A third of Mort’s missions involved air strikes over France — missions that provided the support to stave off German assaults and helped turn the tide of the war.
Mort is a successful businessman, philanthropist and, for the last 70-plus years, a humble war vet who never sought recognition for his service. However, because of those missions flown over France, recognition is coming his way.

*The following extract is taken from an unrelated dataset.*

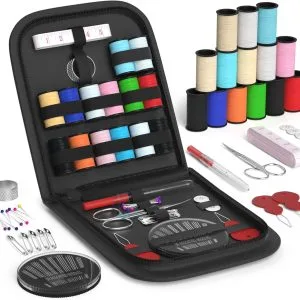 Coquimbo Sewing Kit Gifts for Adults Teen Grils Women Mom Grandma, Portable Sewing Supplies Contains Tape Measure, Scissors, Thimble, Thread, Sewing Needles (Black, S)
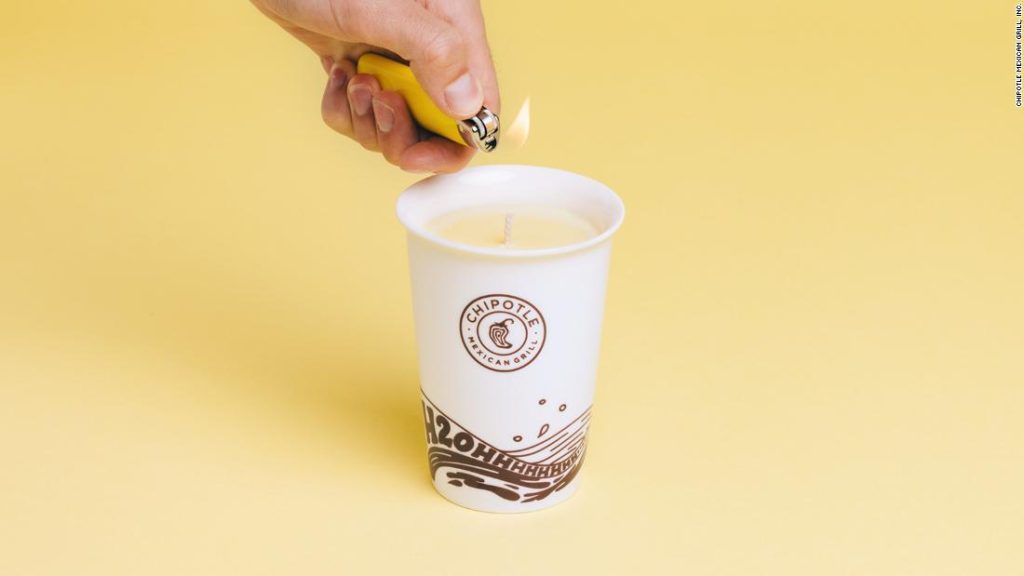 Chipotle water cup candle making fun of lemonade thieves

On Nov. 14 at the Cranbrook Academy, the Consulate General of France for the Midwest, will award Mort the Knight of the Legion of Honor, that nation’s highest commendation. The honor is awarded to U.S. veterans who risked their lives during WWII to fight on French territory. France continues to search its archives for Americans deserving of this prestigious decoration.
Salute To 100
Instead of going into practice after graduating from Wayne State Medical School in 1942, family practitioner Dr. George Mogill, 100, of West Bloomfield enlisted in the Army. He landed in Normandy just after D-Day and served in France and England, running the 8th Field Army Hospital, rising to the rank of major.
Upon his return from the war in 1945, George began practicing in Detroit. In a 2016 interview published on Wayne State’s website, he said: “When I came home from Europe, I was told to have different office days to see white and black patients. I refused to segregate.” He was seeing patients up until his 92nd birthday.
George is the recipient of many awards over his illustrious career, including Lifetime Achievement Awards from Wayne State, the Michigan Academy of Family Physicians and the Jewish War Veterans of Michigan, who also honored him on his 100th birthday.
On Veterans Day, please take a moment to reflect and give thanks to all our men and women in uniform, from our Greatest Generation to those who serve to protect our freedoms today. God bless America!